## EXERCISE OBJECTIVE
Without the pictures, retype exactly the lines from the top of the entries below through the line that contains "three beds in".

## DATA TO EXAMINE
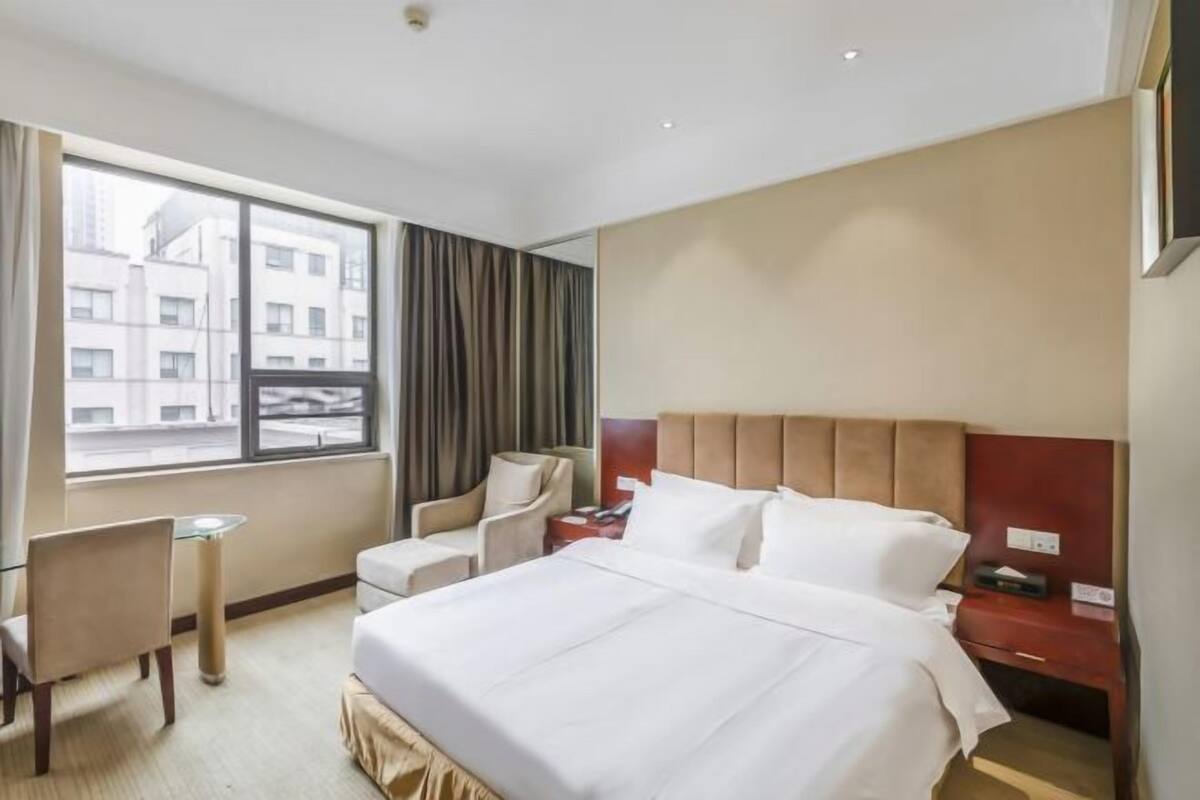 Quarto de hotel com cama, escrivaninha, cadeira, mesa de cabeceira e janela com cortinas.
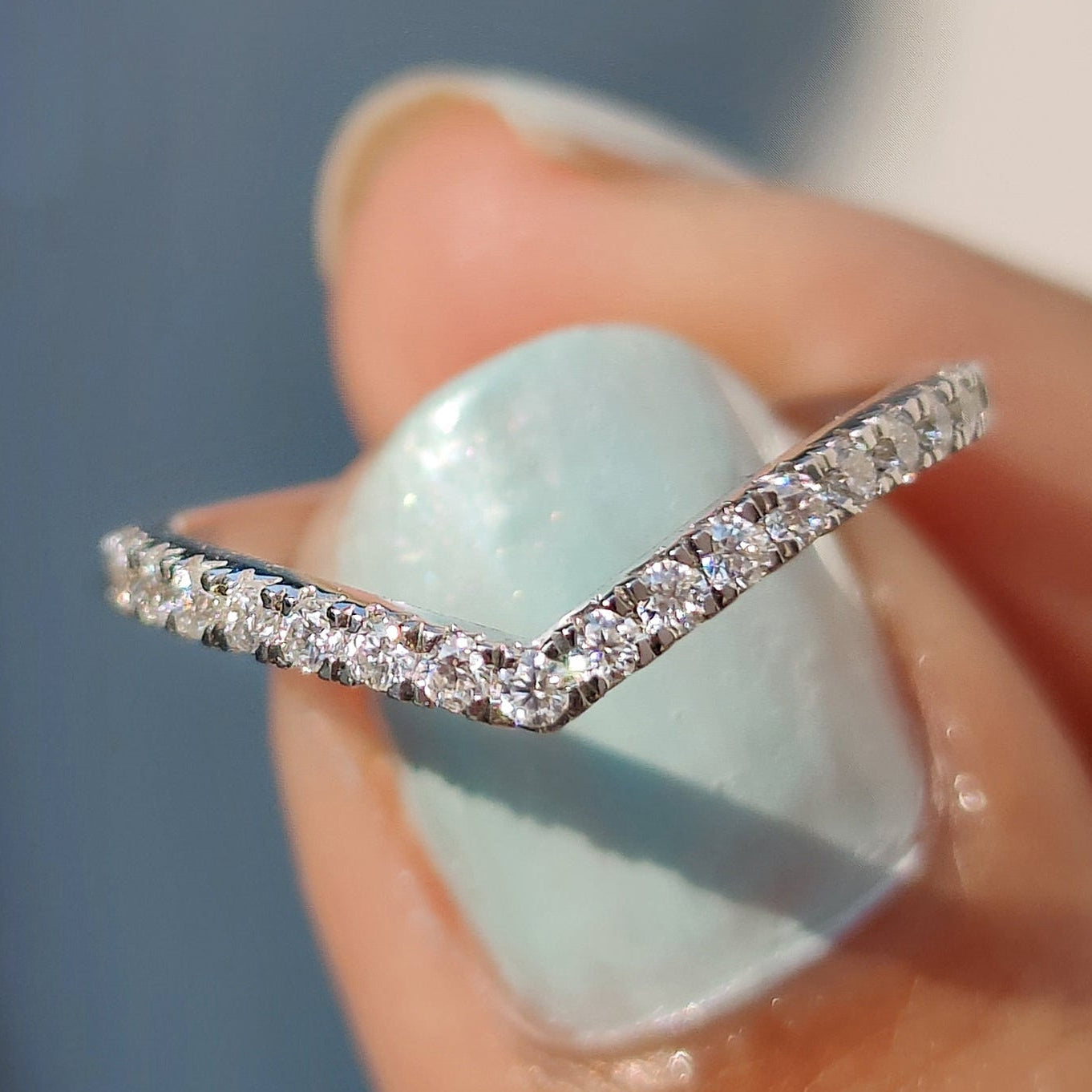 V shaped wedding band with moissanite stones.
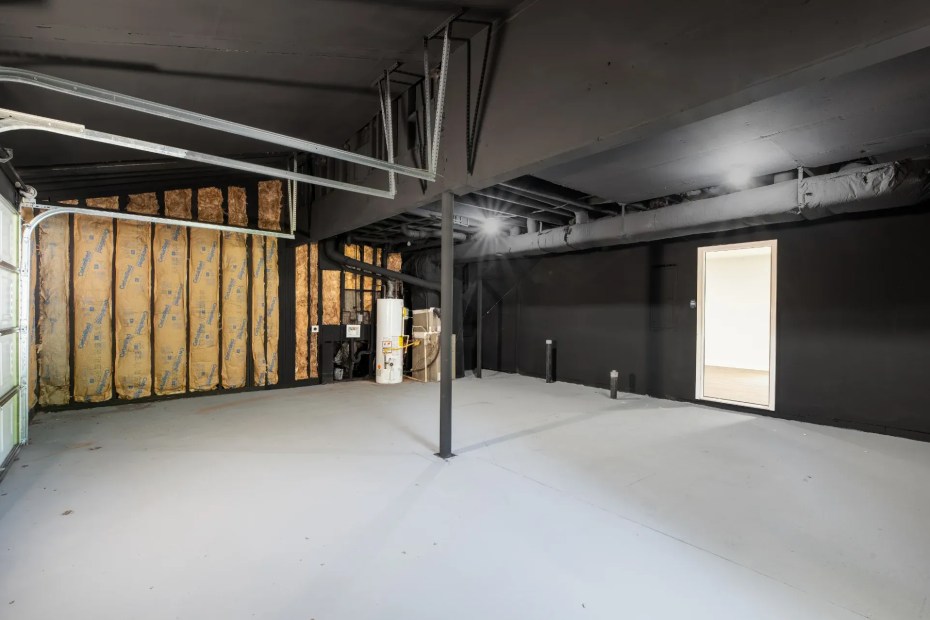 Drive-under basement garage bay before finishing: insulated stud wall, water heater, steel support column and a painted open ceiling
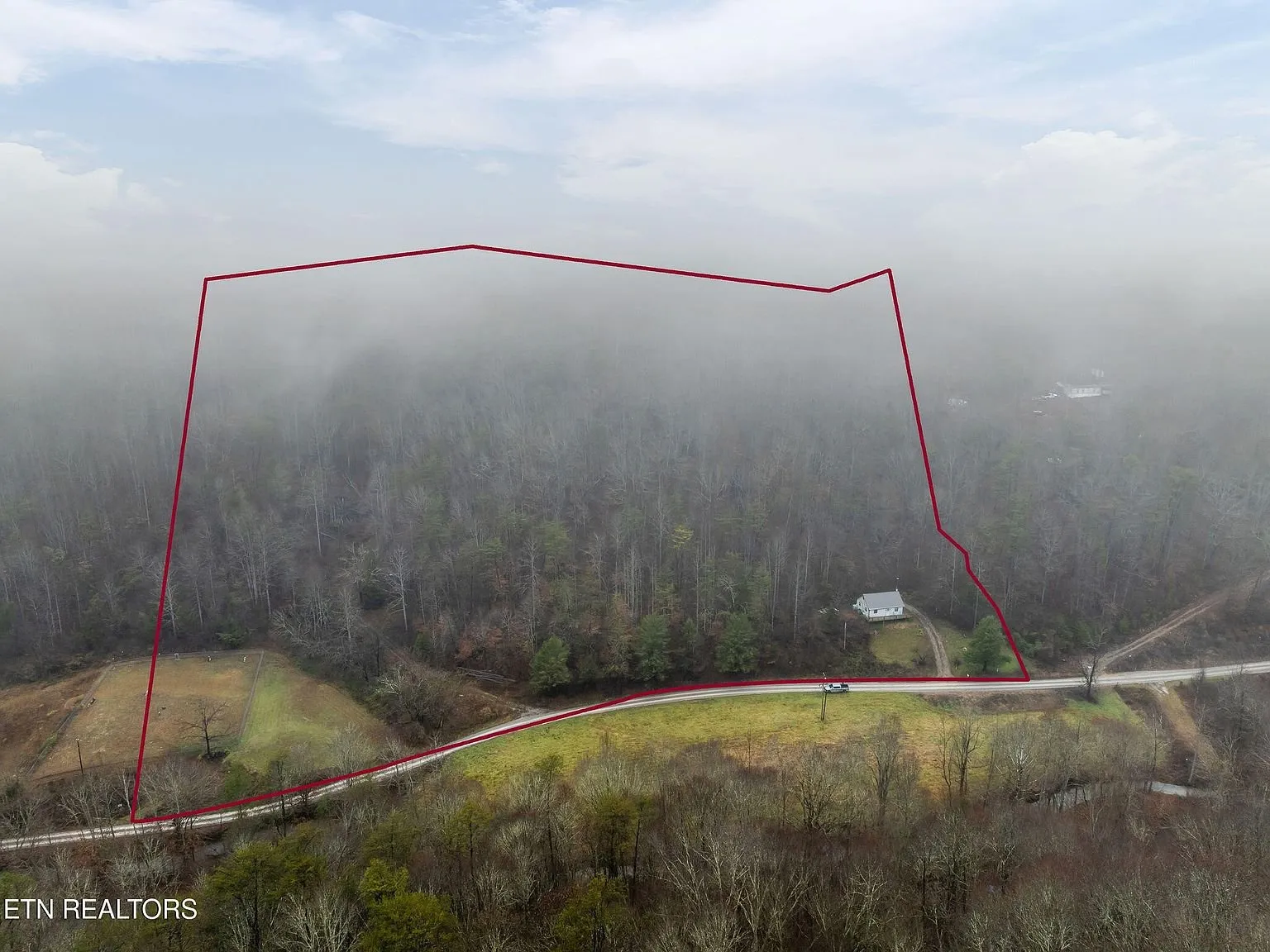 Aerial view of the driveway and clearing below the fog-covered ridge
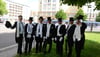 Männertruppe mit Frack, Zylinder und Spazierstock in der Magdeburger Innenstadt unterwegs.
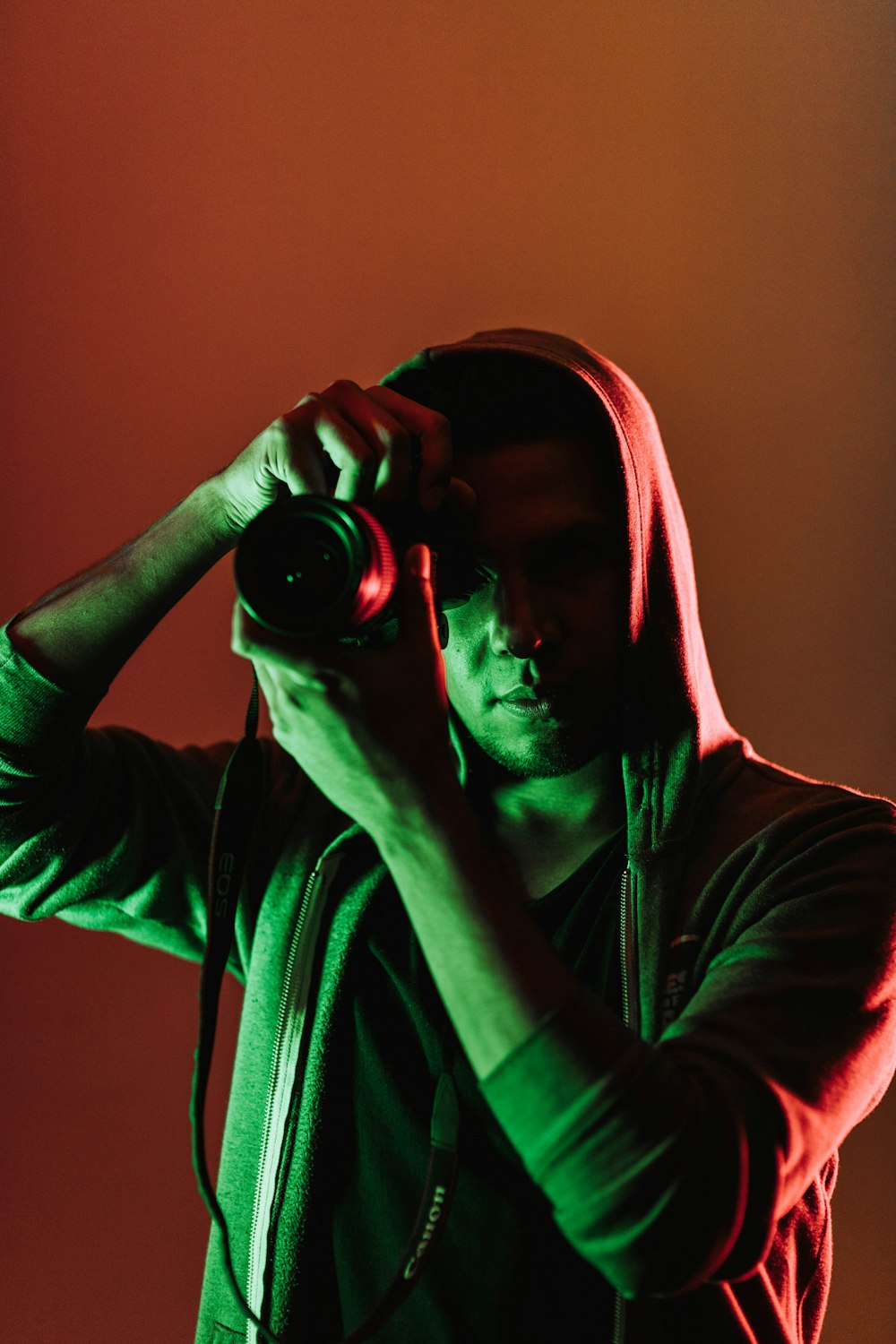 man in hooded jacket with camera by his face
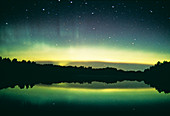 Aurora borealis display reflected upon water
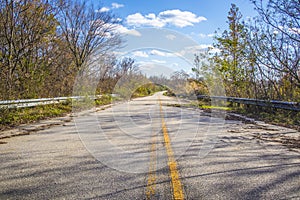 Overgrown road in the country with clouds and blue skies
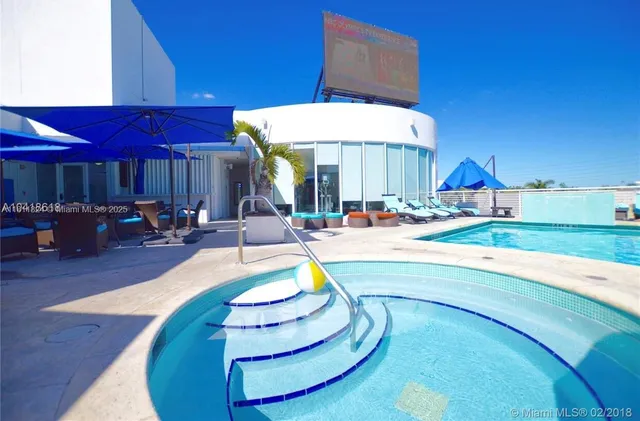 a view of a swimming pool with outdoor seating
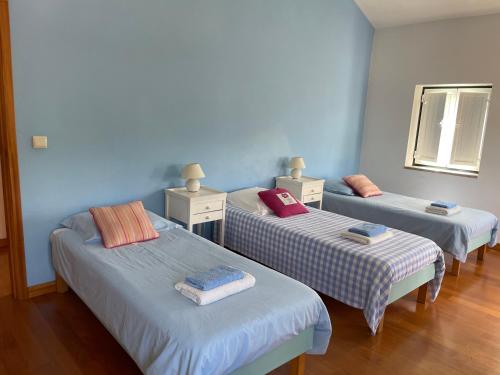 three beds in a room with blue walls at Casa dos castanheiros in Ponte de Lima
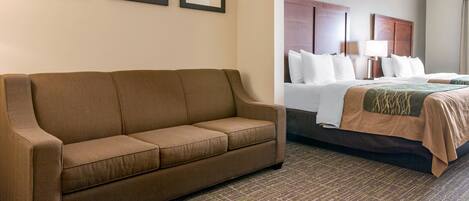 Una habitación de hotel con un sofá marrón, una cama con colcha marrón y una alfombra estampada.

## SOLUTION FOR THIS PROBLEM
 Quarto de hotel com cama, escrivaninha, cadeira, mesa de cabeceira e janela com cortinas.
 V shaped wedding band with moissanite stones.
 Drive-under basement garage bay before finishing: insulated stud wall, water heater, steel support column and a painted open ceiling
 Aerial view of the driveway and clearing below the fog-covered ridge
 Männertruppe mit Frack, Zylinder und Spazierstock in der Magdeburger Innenstadt unterwegs.
 man in hooded jacket with camera by his face
 Aurora borealis display reflected upon water
 Overgrown road in the country with clouds and blue skies
 a view of a swimming pool with outdoor seating
 three beds in a room with blue walls at Casa dos castanheiros in Ponte de Lima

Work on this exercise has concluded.